═════ EXERCISE DATA ═════
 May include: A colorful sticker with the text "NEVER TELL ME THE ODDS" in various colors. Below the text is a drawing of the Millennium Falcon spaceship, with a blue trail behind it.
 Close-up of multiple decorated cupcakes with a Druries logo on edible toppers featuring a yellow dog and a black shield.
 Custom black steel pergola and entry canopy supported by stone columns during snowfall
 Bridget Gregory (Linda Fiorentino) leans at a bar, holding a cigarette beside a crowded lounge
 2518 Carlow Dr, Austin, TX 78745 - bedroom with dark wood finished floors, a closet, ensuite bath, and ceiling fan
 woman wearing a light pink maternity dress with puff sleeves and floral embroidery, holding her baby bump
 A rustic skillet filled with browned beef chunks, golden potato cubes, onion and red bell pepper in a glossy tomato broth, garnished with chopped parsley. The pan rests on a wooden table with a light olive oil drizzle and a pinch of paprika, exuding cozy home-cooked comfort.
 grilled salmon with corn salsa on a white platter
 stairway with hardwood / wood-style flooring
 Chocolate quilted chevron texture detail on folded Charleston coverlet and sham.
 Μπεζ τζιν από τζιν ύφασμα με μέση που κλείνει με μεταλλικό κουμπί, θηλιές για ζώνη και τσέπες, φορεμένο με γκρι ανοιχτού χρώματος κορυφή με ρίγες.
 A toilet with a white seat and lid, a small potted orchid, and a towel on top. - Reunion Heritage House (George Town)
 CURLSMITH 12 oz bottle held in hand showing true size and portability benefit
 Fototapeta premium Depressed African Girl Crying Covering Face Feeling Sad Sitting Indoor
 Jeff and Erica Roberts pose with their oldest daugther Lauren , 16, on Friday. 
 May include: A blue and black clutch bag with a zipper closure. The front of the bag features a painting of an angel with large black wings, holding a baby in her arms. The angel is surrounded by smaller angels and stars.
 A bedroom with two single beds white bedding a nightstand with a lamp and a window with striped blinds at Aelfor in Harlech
═════
• EXERCISE AIM
Write down every record shown above precisely.

• RESPONSE AREA
 May include: A colorful sticker with the text "NEVER TELL ME THE ODDS" in various colors. Below the text is a drawing of the Millennium Falcon spaceship, with a blue trail behind it.
 Close-up of multiple decorated cupcakes with a Druries logo on edible toppers featuring a yellow dog and a black shield.
 Custom black steel pergola and entry canopy supported by stone columns during snowfall
 Bridget Gregory (Linda Fiorentino) leans at a bar, holding a cigarette beside a crowded lounge
 2518 Carlow Dr, Austin, TX 78745 - bedroom with dark wood finished floors, a closet, ensuite bath, and ceiling fan
 woman wearing a light pink maternity dress with puff sleeves and floral embroidery, holding her baby bump
 A rustic skillet filled with browned beef chunks, golden potato cubes, onion and red bell pepper in a glossy tomato broth, garnished with chopped parsley. The pan rests on a wooden table with a light olive oil drizzle and a pinch of paprika, exuding cozy home-cooked comfort.
 grilled salmon with corn salsa on a white platter
 stairway with hardwood / wood-style flooring
 Chocolate quilted chevron texture detail on folded Charleston coverlet and sham.
 Μπεζ τζιν από τζιν ύφασμα με μέση που κλείνει με μεταλλικό κουμπί, θηλιές για ζώνη και τσέπες, φορεμένο με γκρι ανοιχτού χρώματος κορυφή με ρίγες.
 A toilet with a white seat and lid, a small potted orchid, and a towel on top. - Reunion Heritage House (George Town)
 CURLSMITH 12 oz bottle held in hand showing true size and portability benefit
 Fototapeta premium Depressed African Girl Crying Covering Face Feeling Sad Sitting Indoor
 Jeff and Erica Roberts pose with their oldest daugther Lauren , 16, on Friday. 
 May include: A blue and black clutch bag with a zipper closure. The front of the bag features a painting of an angel with large black wings, holding a baby in her arms. The angel is surrounded by smaller angels and stars.
 A bedroom with two single beds white bedding a nightstand with a lamp and a window with striped blinds at Aelfor in Harlech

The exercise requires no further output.